**ABOUT THIS EXERCISE**
Repeat the data in full. Drop every picture.

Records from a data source
[Start of Attachment]
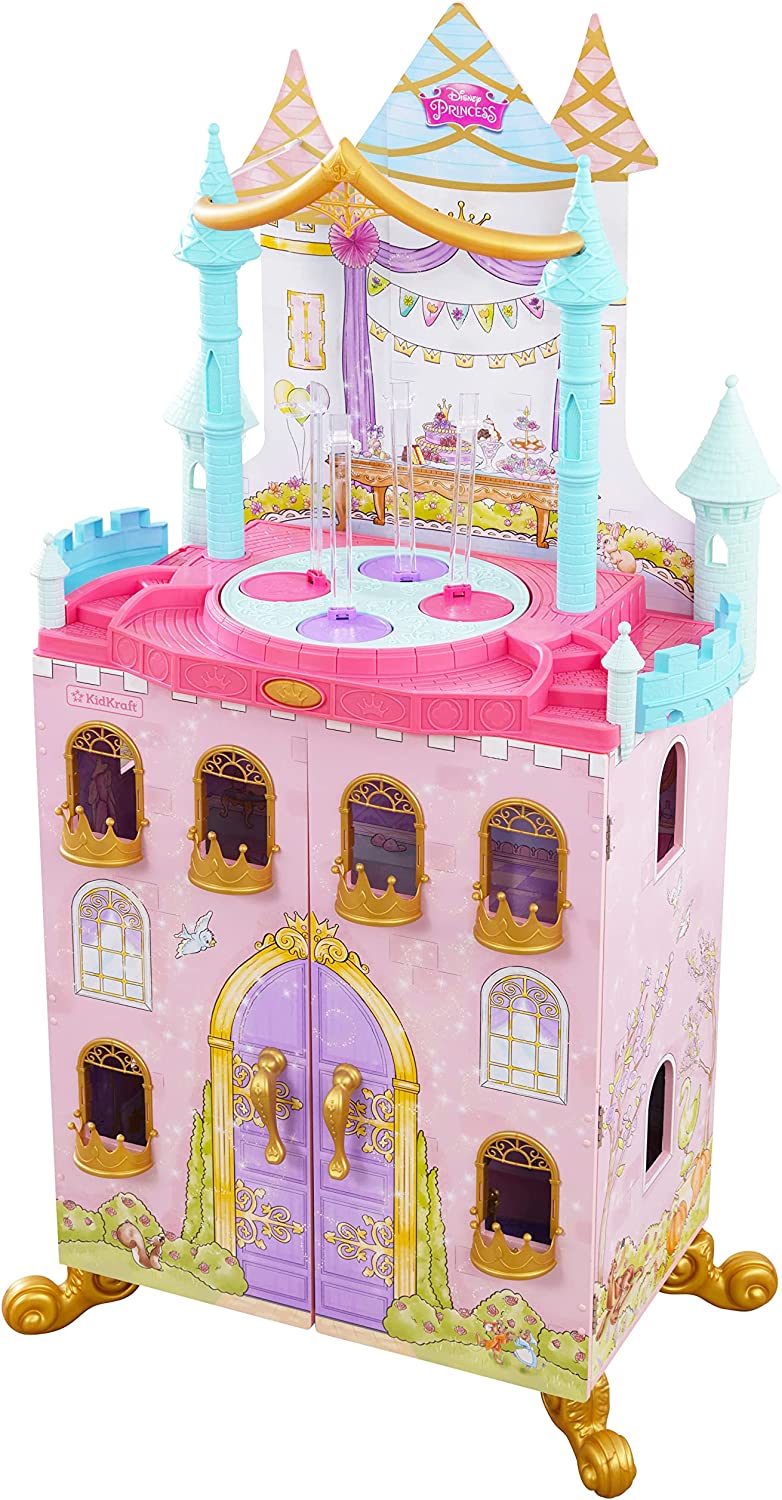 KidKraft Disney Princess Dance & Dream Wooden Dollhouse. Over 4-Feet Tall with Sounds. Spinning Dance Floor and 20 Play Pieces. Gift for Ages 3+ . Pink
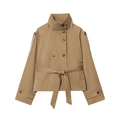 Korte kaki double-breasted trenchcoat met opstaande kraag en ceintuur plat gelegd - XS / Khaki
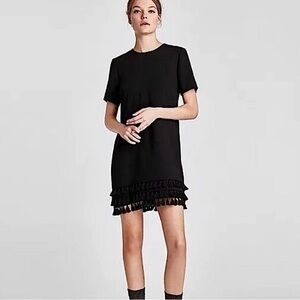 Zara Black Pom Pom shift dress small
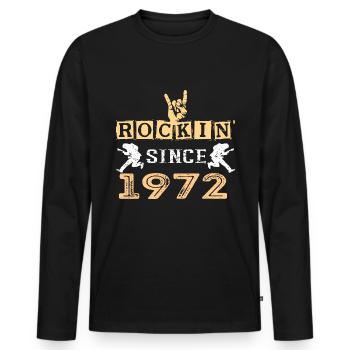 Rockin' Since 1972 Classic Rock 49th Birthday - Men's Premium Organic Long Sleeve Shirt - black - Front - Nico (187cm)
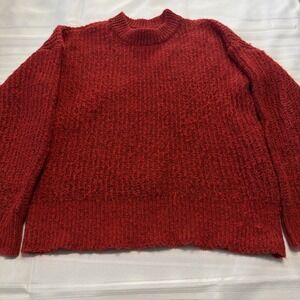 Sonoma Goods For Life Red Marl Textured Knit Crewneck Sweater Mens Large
[End of Attachment]
**RESPONSE FOR THIS EXERCISE**
 KidKraft Disney Princess Dance & Dream Wooden Dollhouse. Over 4-Feet Tall with Sounds. Spinning Dance Floor and 20 Play Pieces. Gift for Ages 3+ . Pink
 Korte kaki double-breasted trenchcoat met opstaande kraag en ceintuur plat gelegd - XS / Khaki
 Zara Black Pom Pom shift dress small
 Rockin' Since 1972 Classic Rock 49th Birthday - Men's Premium Organic Long Sleeve Shirt - black - Front - Nico (187cm)
 Sonoma Goods For Life Red Marl Textured Knit Crewneck Sweater Mens Large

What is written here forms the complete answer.